Empezó a pitar una de las máquinas, rápidamente levanté la mirada y dejé de pensar en la suya. El cirujano nos echó de la sala y entraron varias enfermeras; el mismo cirujano comenzó a gritar: “¡Carro de reanimación! ¡Deprisa, se nos va, se nos va!”. Cuando oí eso se me paró el corazón unos segundos. Me quedé muy impactada. De repente, alguien cerró la cortina del ventanal; ya no vimos nada.

“Mira, ya sale”, le digo a Karen. “Lo siento, hay un fallo, hay que llevarla a quirófano”. Karen miró al cirujano con rabia y pena.

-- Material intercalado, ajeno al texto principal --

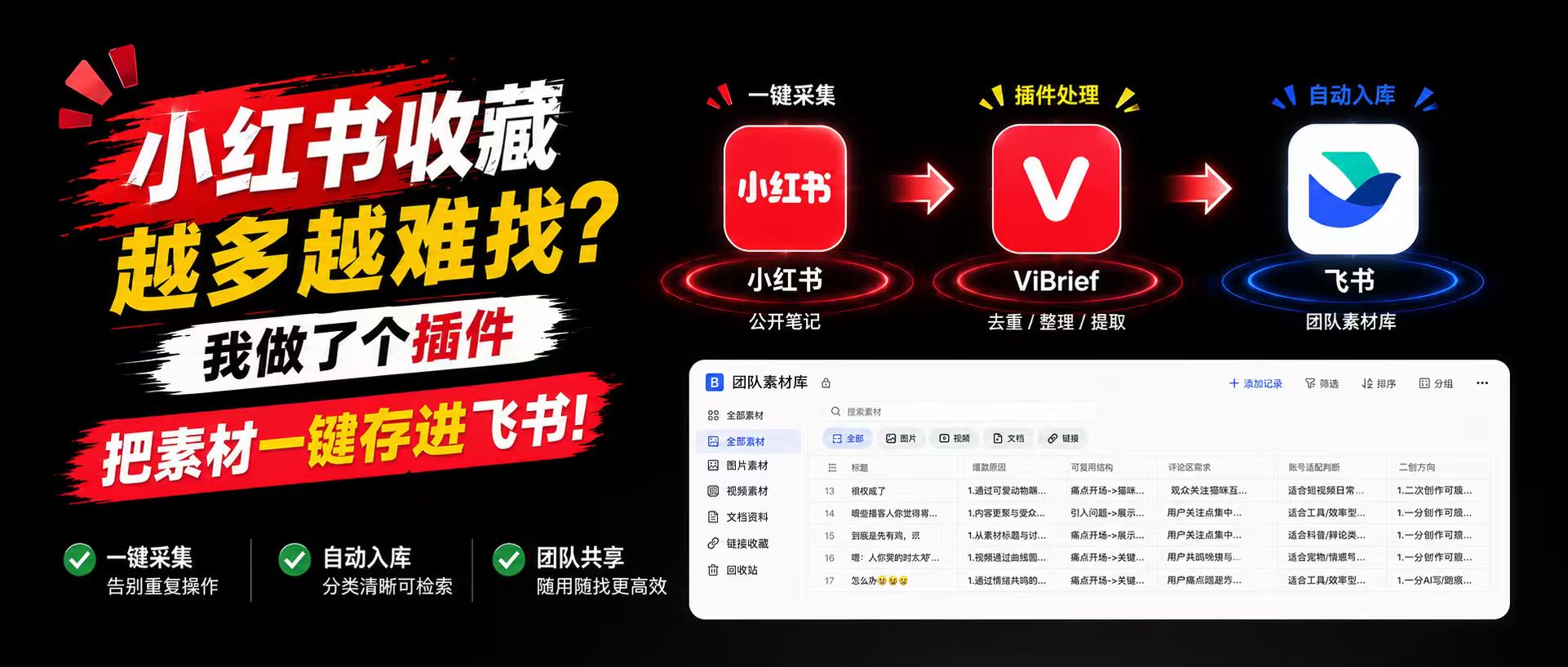别让爆款躺在收藏里！一键存入飞书，AI拆解爆款逻辑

Pasaron unas cuantas horas de eso. Karen no pudo evitar dormirse, así que cogí unos cinco euros de su cartera y bajé a la cafetería. Le dejé también una nota, por si se despierta. Al salir del ascensor vi a ese misterioso chico: estaba sentado en una mesa, con café. No sé cómo ni por qué, pero es que cada vez que le veo el corazón me late más rápido de lo común, y me pongo nerviosa y estoy casi segura de que me sonrojo un poco.

No soy muy de café, pero en un día como ése lo necesitaba urgentemente. Después de esperar casi diez minutos de cola, por fin conseguí mi café con leche. Al darme la vuelta para buscar sitio observé que no había mesas vacías. Eché un último vistazo, y ahí estaba él, mirándome. Movió la cabeza hacia un lado invitándome a sentarme con él. Acompañó ese movimiento con una ligera sonrisa. Él también tenía las mejillas un poco sonrojadas. Normalmente pasaría de ese “extraño” y me subiría al ascensor. Pero no fue así, sentía que le conocía, tenía un pálpito, así que escribí a Karen un mensaje: “Estoy en la cafetería, me he encontrado a un amigo, estamos tomando un café”. Me dirigía hacia él; pensé que era una locura, pero sentía como si nos conociéramos de toda la vida. “Hola, ¿cómo te llamas?”. Su voz estaba medio ronca, me encantó.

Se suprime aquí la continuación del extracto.